若干ネタバレ気味なので、気になる方は◆の間をすっ飛ばしてください

◆◆◆◆◆◆◆◆◆◆◆

ワタシね、前の日記に書いたように、違う方の演出でも観てるのですが…
こんなに面白かったっけ!?
というのが、正直な感想です(^_^;)
どっちにも、しゅうさん同じ役で出演中されてますが…本当に面白かったです

冒頭のネッドとダンの会話から、作品に引き込まれます。
ダンの衣装がすんごい可愛い(笑)…のですけど、2人の軽妙な会話&やり取りに笑ってると、不意にゾワリとするモノがやってきて。「え、この人、何言ってるの?」っていう。さっきまで話していた相手が、知らない人みたいに思える。←この辺の、しゅうさんの台詞聞いてたら切なくて涙出た:( ´◦ω◦`):

ネッドは自分の発明が軍事転用可能であることは理解していた。けれど、被害を「必要最低限」に止められる、素晴らしいものだと思っていた。
機械はミスをしない、と信じているから。
人を「殺す」兵器の話を、嬉々として…笑顔で話すネッドが怖くなります。褒めてもらえる、と思ってたのかなって。
ダンの「情報そのものが間違っていたら」「意図的に、間違えていたら」という問いに答えられない。その可能性は「想定外」だったから。
そして、観ているワタシたちは「想定外」は起こることだと、もう知っている。
あと、2010年よりドローンとかも身近なものになっていて。そのぶん、内容がより現実味を覚えたというのもあるかも。←前は少し近未来な感じがあった

そしてネッドは、モラルと良心、個々の正義と利益に追い詰められていく。ネッドだけでなく、ダンも。

劇中、カラシニコフや原爆が例にあげられていますが…この間観た「コペンハーゲン」のハイゼンベルクたちの原子力の話や、先日テレビで見た、原爆を作った人たち、原爆を落とした飛行機に乗っていた人たちの話。
それから、第一次世界大戦の頃に毒ガスを発明したハーバー(奥さんが哀しい)のような人たちのことを考えます。←ハーバーは知るとツライのでぜひ
「武器」「兵器」というと過去を振り返るけど…でも、この作品で恐ろしい&すごいところは、今なお「作り続けられている」現実を描いていること。
そして、ロス(那須さんがアクティブでとても素敵で、キレッキレでした✨)のように兵器は「産業」として儲かる、という現実も。
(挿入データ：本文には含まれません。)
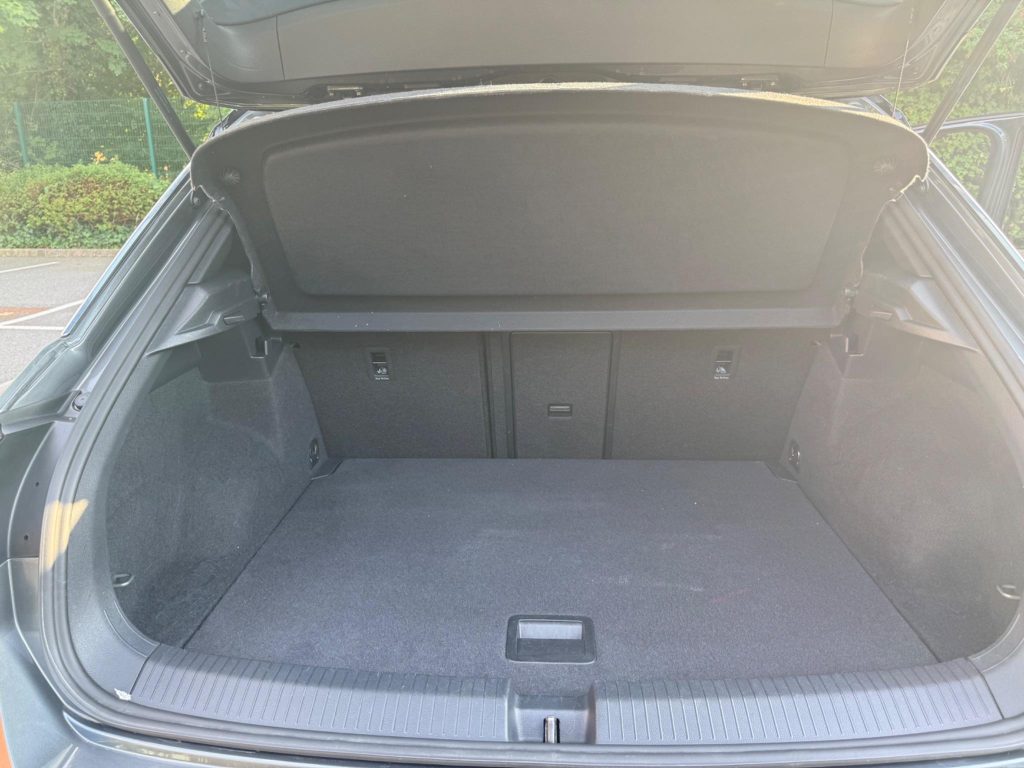 Volkswagen T-Roc 1.5 TSI EVO R-Line Euro 6 (s/s) 5dr — photo 48 of 48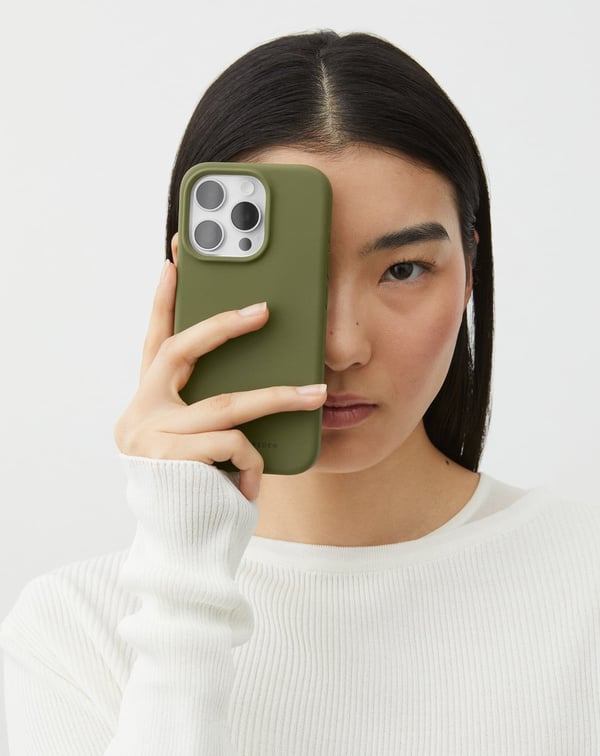Silicone Case iPhone 14 Pro Khaki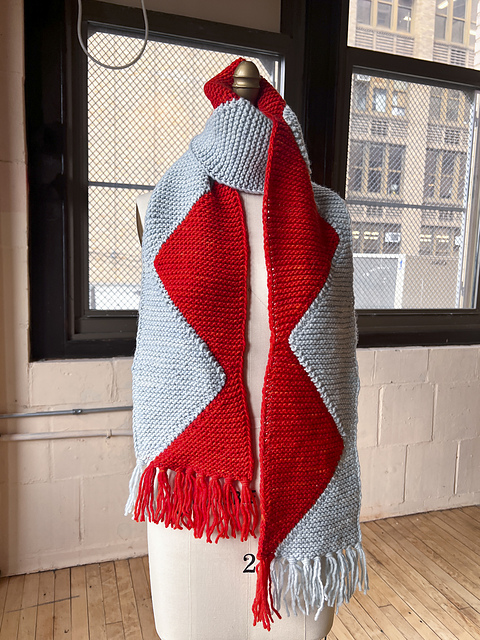 Sawtooth Scarf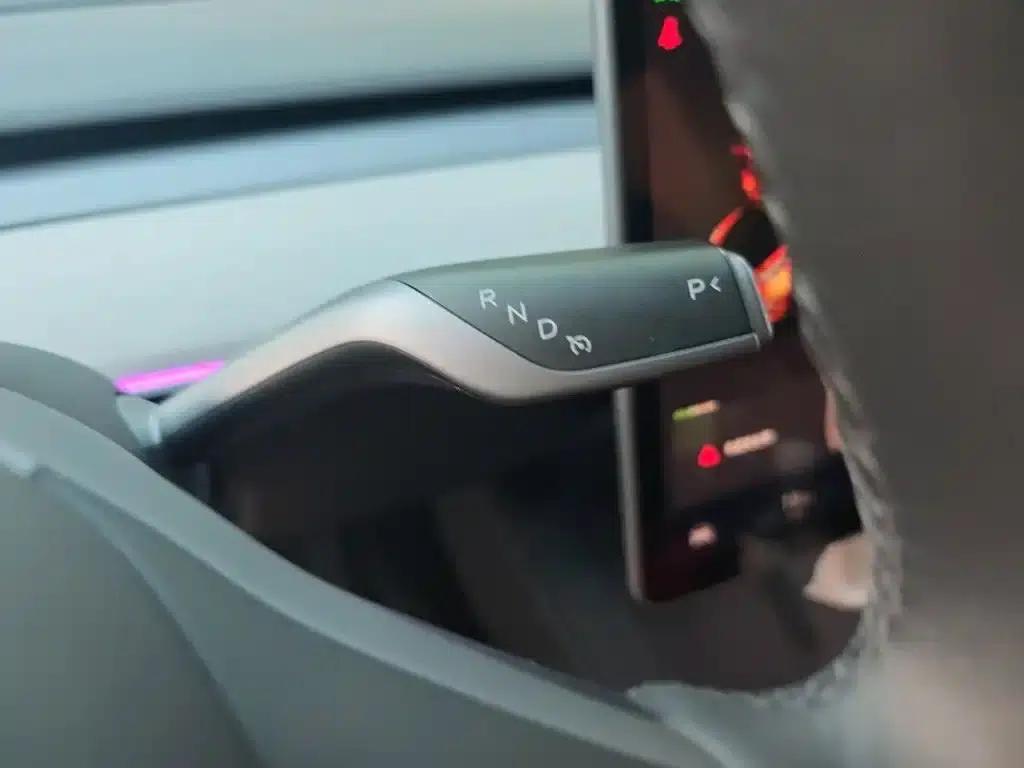 Model Y 2023 Long Range All-Wheel Drive — миниатюра 11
戦争によって様々なものが発明されて、技術が進んだのは事実だと思います。だけど、でも、観ているワタシは、冒頭のネッドの言葉には頷けない。
そして、ロスたちみたいな「私たちは売るだけ」「使ってないから責任はない」みたいな考え方も「嫌だな」と反射的に感じる。
感じるけど…でも、実際に動き始めてしまっているものに対して、自分の力なんてちっぽけに感じるほど大きな力に対して、拒否し続けるのはとても難しい。そこさえも、この作品では描いています。
どちらが善で、どちらが悪で…ではなく。主観的な「正義」同士の話。戦争と一緒で。
ただ、戦争は力の強い方が勝って、勝った方の正義で語られることが多くて。その中で「これは誤りだった」ということは、とても難しいということ。原爆の是非とか、いろいろ。
その中で、傷ついた人たちの声は「これで戦争が早く終わったのだ」「犠牲を抑えられた」と(特に勝った側の国では)いわれる。そう思うことで、良心から目をそらすためもあるかもしれないけど…「それが事実だ」と盲目的に信じてる現実もある。
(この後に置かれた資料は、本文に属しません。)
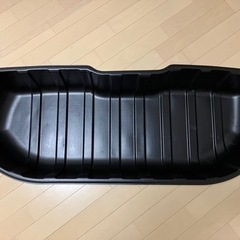 c26セレナ  リアアンダーラゲッジトレイ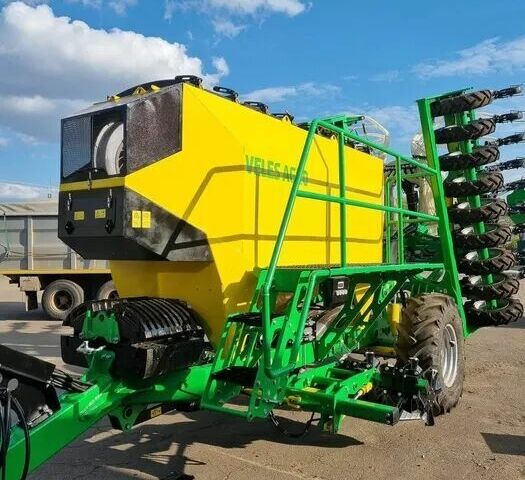 Желтый Велес-Агро Другая, объемом двигателя 0 л и пробегом 0 тыс. км за 4634701 $, фото 1 на Automoto.ua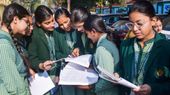 CBSE Board Exam 2025: कक्षा 12वीं फिजिक्स पेपर किसी को लगा टफ तो किसी ने कहा लंबे आंसर के लिए समय कम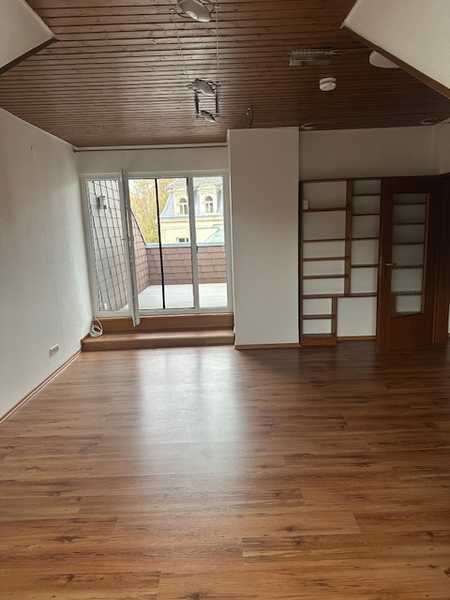                                                               Wohnen im Zentrum von Coburg mit kleiner Dachterrasse                                                       in Wüstenahorn (Coburg)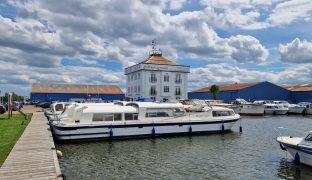 Aquafibre Entrepreneur 44 - Bright Light 4 - 11 Berth Inland river cruiser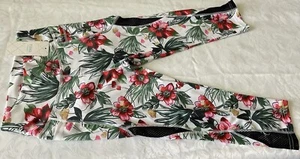 Capri Leggings High Waisted Mesh Contrast With Pockets. Pescadores De Mujer. - Picture 1 of 4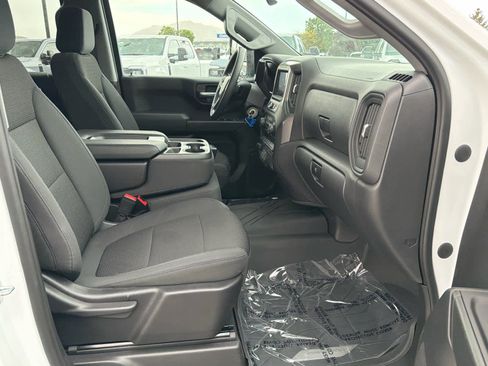 Used 2021 Chevrolet Silverado 1500 Custom w/ Custom Max Trailering Package AWD/4WD image 20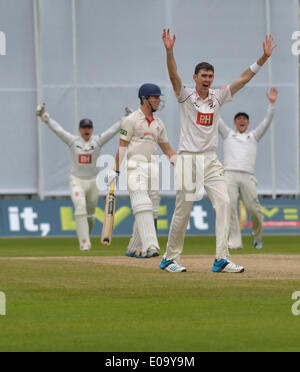 Unis Old Trafford, Manchester, UK 07th mai 2014 Steve Magoffin (Sussex) appels sans succès pour l'IPN contre Luis Reece (Lancashire) sur la pluie touchés-Championshipship quatrième jour du match. LV County Championship Div 1 Lancashire v Sussex Jour 4 07th mai 2014 Crédit : John Fryer/Alamy Live News Banque D'Images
理性と良心、守るべきものや生活が天秤にかけられる。どちらを選んだとしても、どちらを優先したとしても。それは、その人が「弱い」からではない…と思う。
もしこれが、ハリウッドの作る映画だったら。
ネッドは計画を断念できるだろうし、ダンはブルックスのプレッシャーに負けないかもしれない。ロスはネッドの信念に揺らいで、組織を裏切るかもしれない。ブルックスは彼らに負けるかもしれない。
でも、これはそういうモノではない。描きたいのは、そういうことではない。「特別」な人間の話じゃない。
2幕のブルックスとダンの場面はめっちゃ怖いです:( ´◦ω◦`):

正解のない選択。
でも、選ばなければいけない。
戦争とは、武器を持つということは、そういうことなのだと思う。

人を守るための道具は、人を殺すための道具にもなって。それは、使う人が「殺人」を犯すということ。
ネッドの発明は、実際に殺す作業をロボットに転嫁することで、「向こう側」の人間がデータや数字になってしまう。操作する人間は良心の呵責から目をそらすことができるかもしれない、と思う。

過去現在、どんな武器も、人を不幸にしたくて発明されたわけではない…と思います。
考えた人たちは「良いことをしている」と信じて…「これで戦争が終わる」と信じてたと思う。でも、戦争は、人が人を殺すことは無くならない。地球のどこかで、国同士が、人同士が戦ってる。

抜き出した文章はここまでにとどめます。